By LOLA DUFFORT
Saturday, April 22, 2017
About 2,000 people gathered at the State House steps on Saturday to march for science in concert with hundreds of similar rallies across the world.
Environmental groups and scientists who organized the global Earth Day demonstrations have said the event is non-partisan. Still, the election of President Donald Trump, who has called climate change a hoax, proposed cuts to the Environmental Protection Agency, and appointed a fossil fuel industry-friendly head in Scott Pruitt to the department, loomed large over the event.
Roger Stephenson of the Union of Concerned Scientists told the crowd of a recent press conference Pruitt had held – at a coal mine – to announce the agency’s “back to basics” approach.

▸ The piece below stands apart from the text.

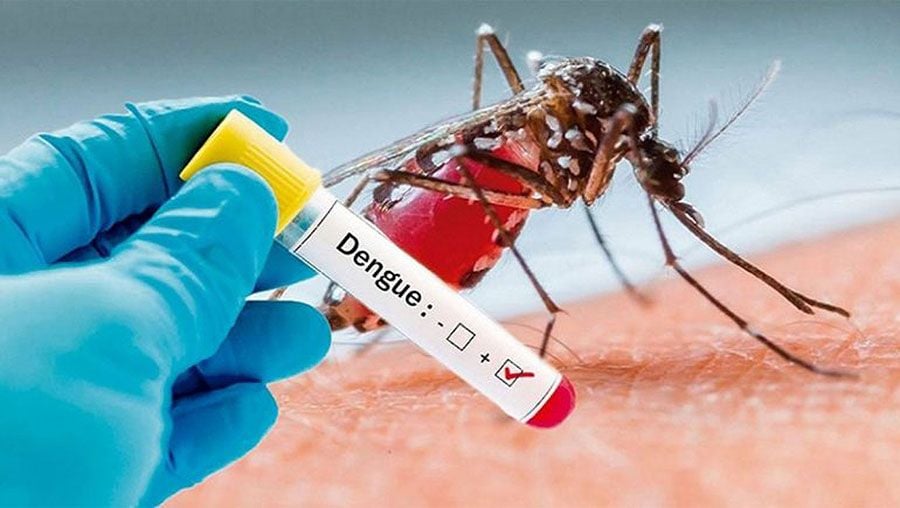 Dengue claims six lives, 559 hospitalized in 24 hrs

“He said ‘back to basics’ means returning EPA to its core mission of protecting the environment through sensible regulations that enhance economic growth,” Stephenson said, to boos from the crowd.
“That was never the mission of the EPA. That is re-writing history,” Stephenson said, theatrically unfurling a scroll delineating the “60 federal agencies, departments, and bureaus” that are actually dedicated to the U.S. economy.
Erich Osterberg, a climate scientist at Dartmouth College, told the crowd that he had spent his career studying the effects of climate change in glaciers, and had seen first hand the front-line repercussions of a warming climate.
“We have got to get past this false debate about whether climate change is real. We have to get past that false debate so we can have the real debate about what we’re going to do to fix it,” he said.
Osterberg said that despite years studying climate change, he’d reached a “personal tipping point this past fall.”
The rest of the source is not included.